Este salto cualitativo realizado por Estados Unidos hace que en la actualidad el poderío global de la economía norteamericana sobrepase a la de cualquier otra potencia en los últimos siglos, con la sola excepción de su propia posición después de 1945, cuando la segunda guerra mundial había devastado temporariamente a todas las otras economías importantes de la Tierra.

En efecto: Estados Unidos tiene hoy el 32% del producto bruto mundial. Su economía es actualmente más de dos veces mayor a la del país más cercano, Japón. Equivale a la de Japón, Alemania, Francia y Gran Bretaña sumados, que son los cuatro países que lo siguen en poderío económico. La economía de California, por sí sola, se ha transformado en la quinta más grande del mundo, por delante de Francia y no demasiado detrás del Reino Unido.

Hay un constante aumento de la productividad promedio de la economía estadounidense, que redunda en una permanente reducción de sus costos de producción y, consecuentemente, en una continua mejora de su competitividad internacional. Esos incrementos en los índices de productividad hacen que la expansión económica no sea sólo cuantitativa sino, fundamentalmente, cualitativa.

La explosión de Internet revoluciona a toda la economía norteamericana, en un significativo adelanto de lo que también empieza a manifestarse en toda la economía mundial. El auge del comercio electrónico, que aumenta en proporción geométrica, es apenas una muestra de este cambio fenomenal, que habrá de acelerarse en los próximos años.
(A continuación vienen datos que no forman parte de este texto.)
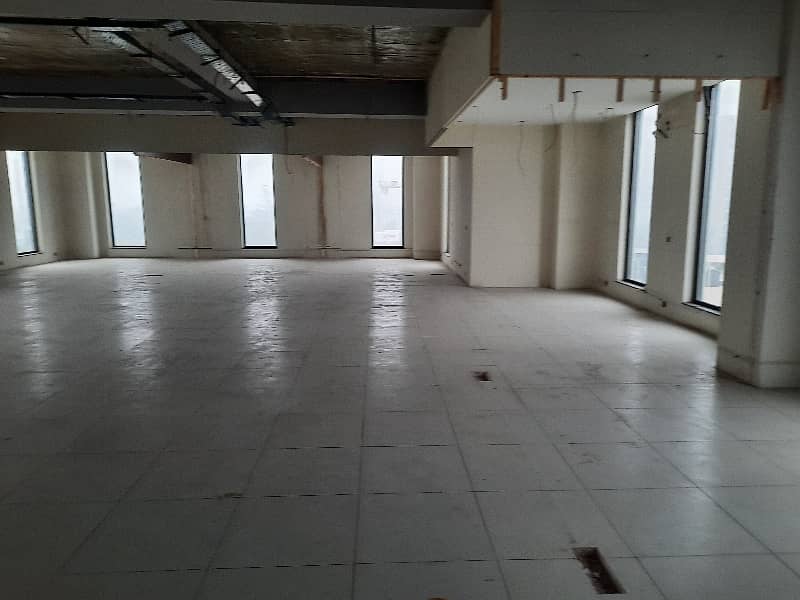 One Lac Fifty Thousand Square Feet Independent Commercial Building Available For Rent In Garden Town 30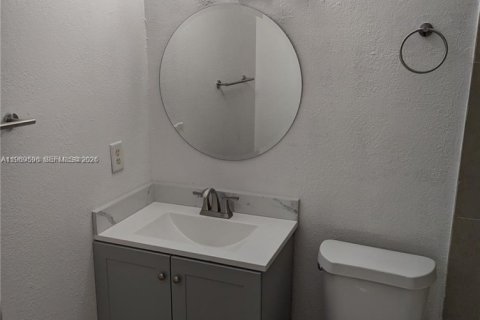 House in Sunrise, Florida 2 bedrooms, 169.18 sq.m. № 2030323 - photo 6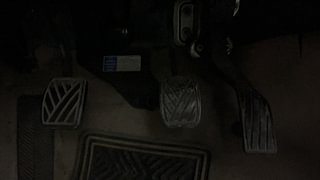 Used 2018 Maruti Suzuki Ciaz Delta 1.4 MT Petrol Manual interior PEDALS VIEW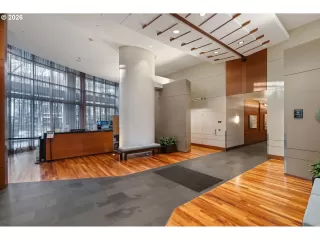 Photo #3: 588718274 Listing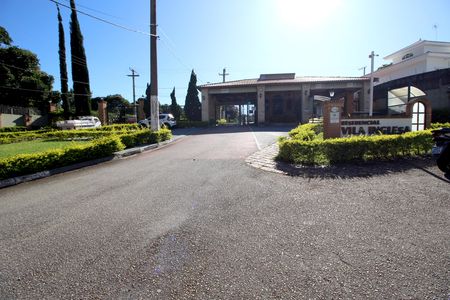 Casa de condomínio para alugar com 137m², 3 quartos e 4 vagasFachada e portaria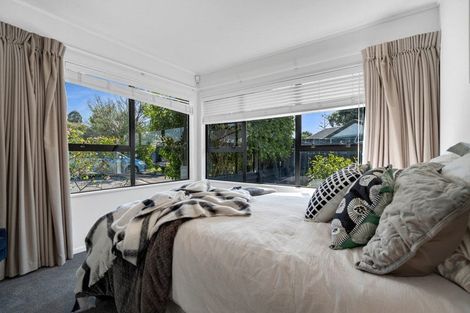 Photo of property in 9 Wyatt Place, Glendene, Auckland, 0602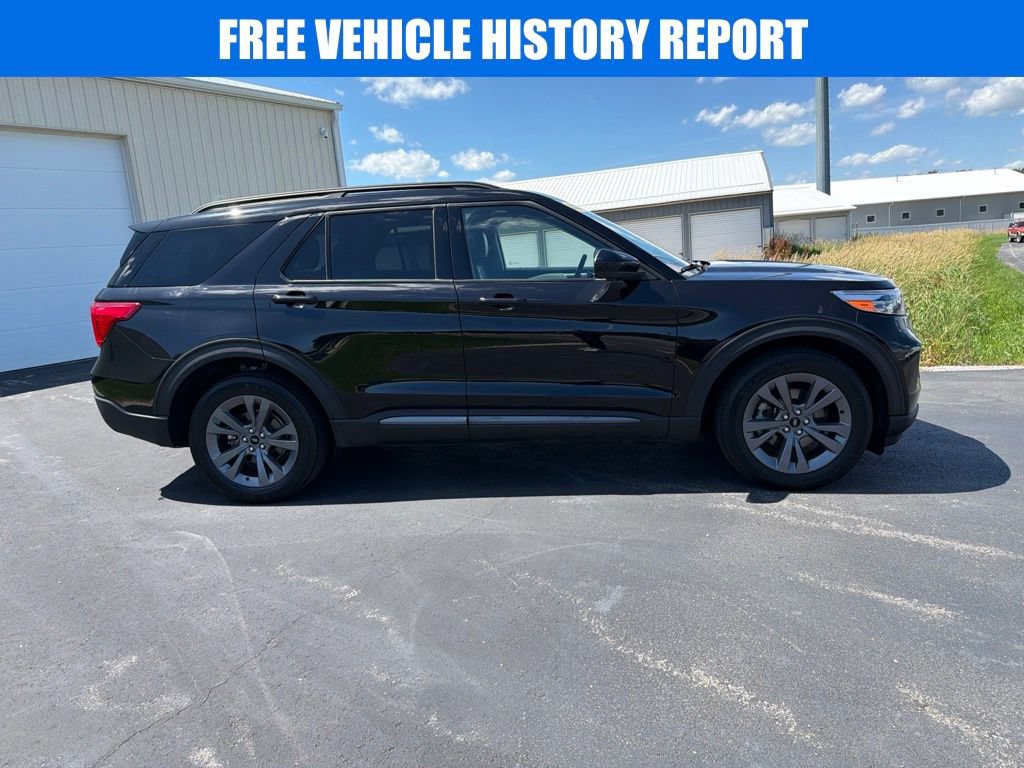 Used 2023 Ford Explorer XLT w/ Equipment Group 202A AWD/4WD image 3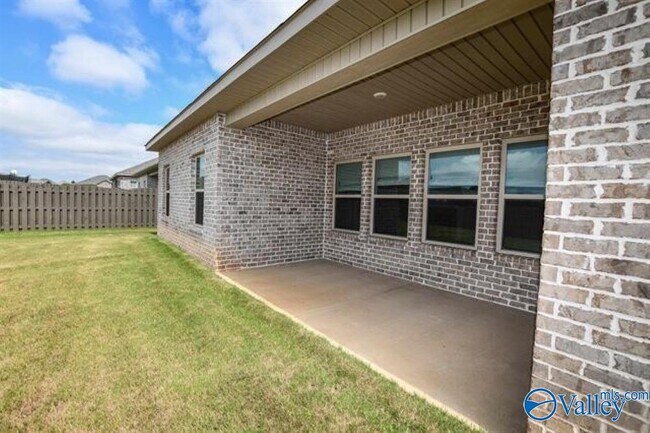 Building Photo - 120 Delilah Ln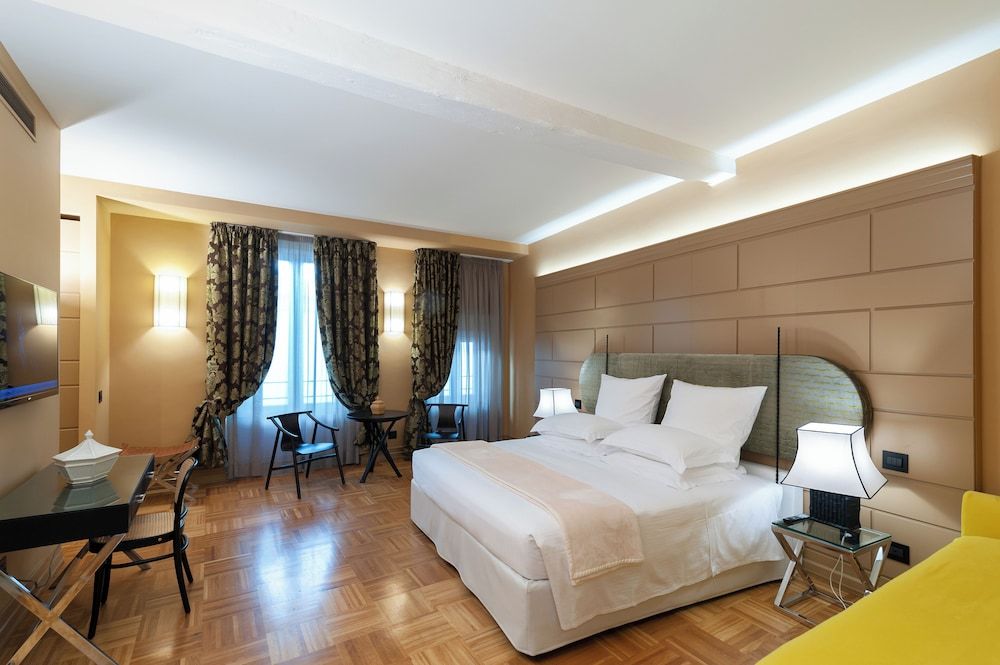 Hotel Number Nine Room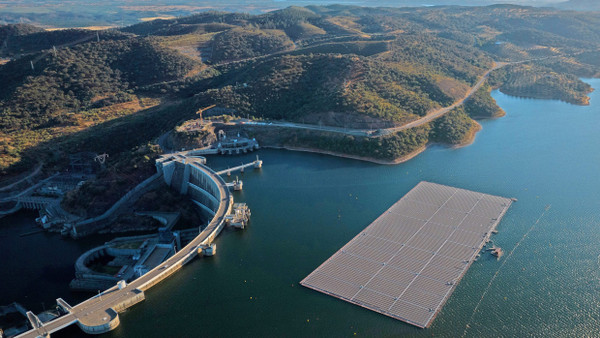 In einem künstlichen See hinter dem Alqueva-Damm in Portugal wurde eine Solarfarm installiert.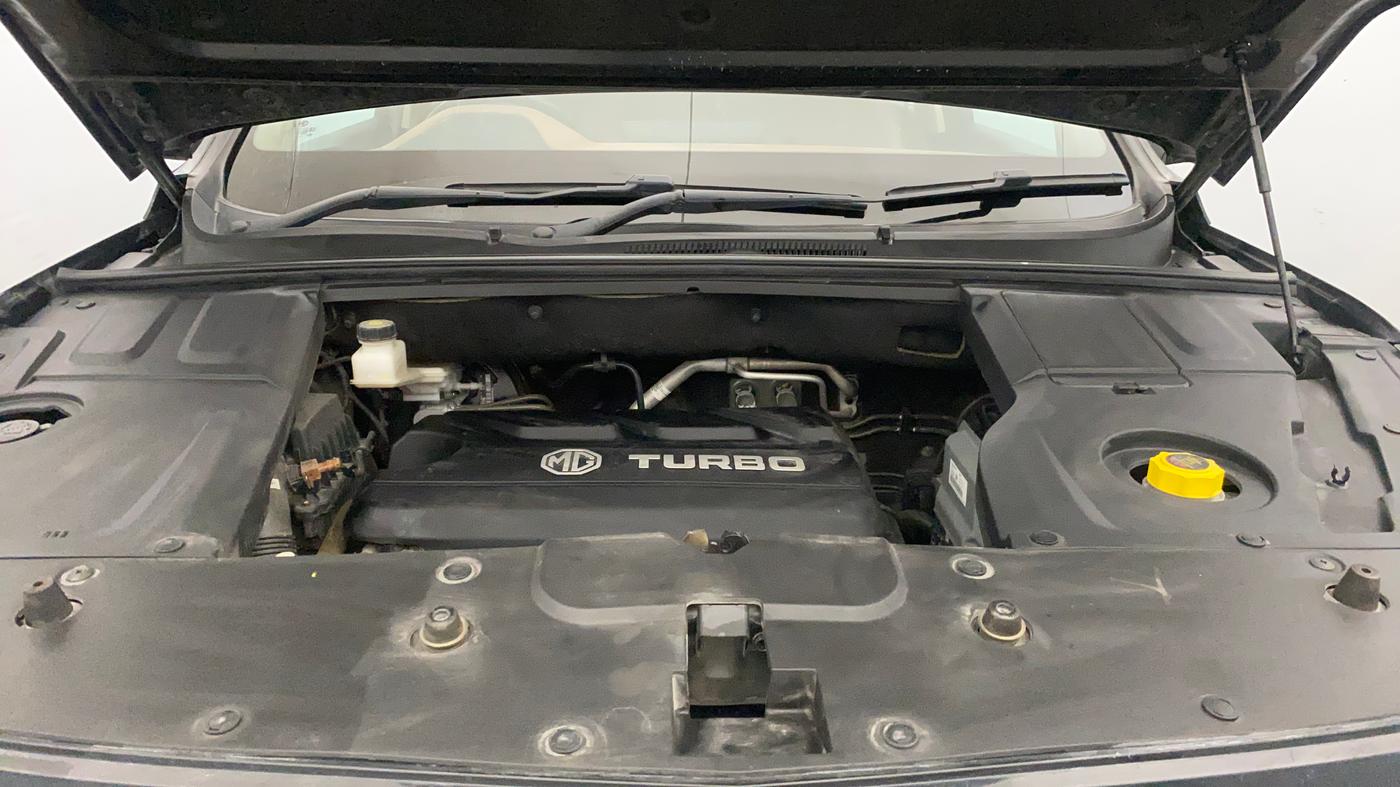 2023 MG HECTOR PLUS SAVVY PRO 1.5 TURBO CVT 7 STR, Petrol, Automatic, 18,563 km, Engine View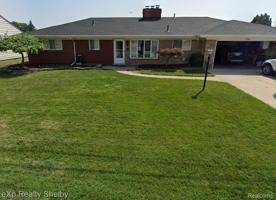 37926 E POINTE ROSA Street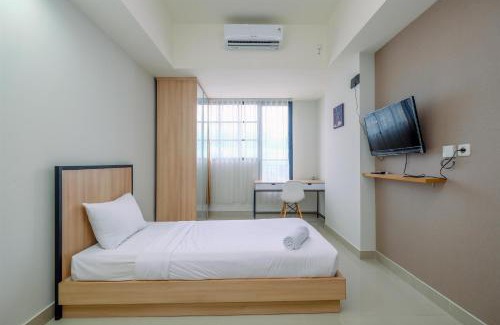 Pondokcina Apartment | Modern Studio Room at Evenciio Margonda with Pool Access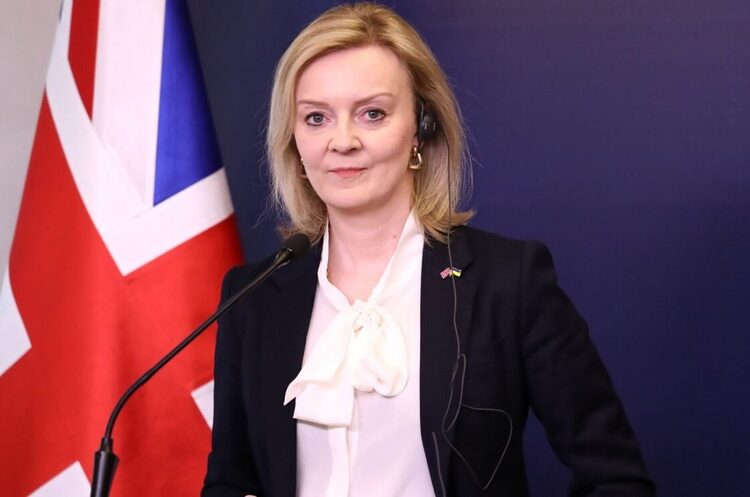 Міністерка закордонних справ Великобританії Ліз Трасс Велика Британія передасть броньовики для евакуації українців із тимчасово окупованих територій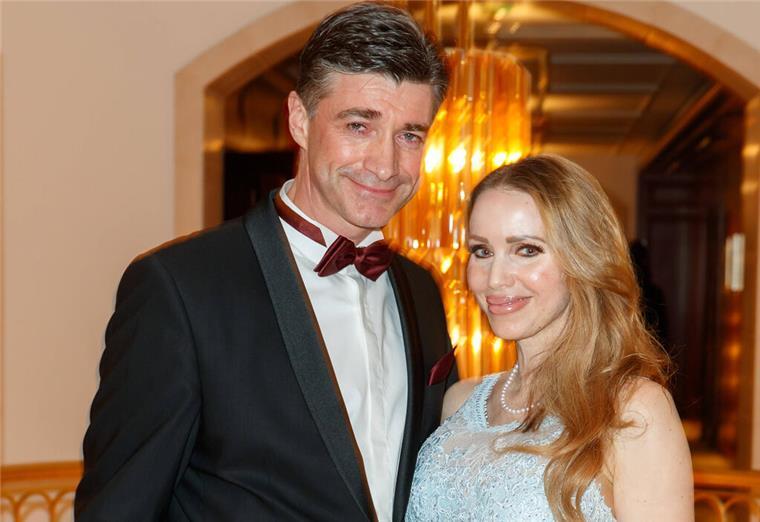 Antrag in luftiger Höhe: Ex-Pornostar Annina Semmelhaack aus Bremerhaven sagt Ja Schweben auf Wolke sieben: Annina Semmelhaack und ihr Verlobter Hagen Reinhold.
Pero hay que tener muy en claro una cuestión central desde el punto de vista político. Esta abrumadora supremacía no implica de ninguna manera que Estados Unidos sea un país que todo lo puede. Para actuar exitosamente en el plano internacional, siempre necesita generar consenso y conseguir aliados. Pero sí quiere decir que ninguna crisis política o económica de magnitud, que demande la acción de la comunidad internacional, puede resolverse sin la participación de los Estados Unidos.

Cabría afirmar que en el mundo de hoy existen dos tipos de conflictos internacionales de envergadura: aquéllos en los que Estados Unidos participa, y que pueden o no resolverse, y aquéllos en los que, por diversos motivos, Estados Unidos no participa y que, con seguridad, y por ello, no se resuelven.

EL MUNDO EMERGENTE

Los números hablan por sí solos: las diferencias entre los países más desarrollados y los emergentes tiende a achicarse y, entre estos últimos, los que más crecen son los que más activamente se vinculan al sistema económico global.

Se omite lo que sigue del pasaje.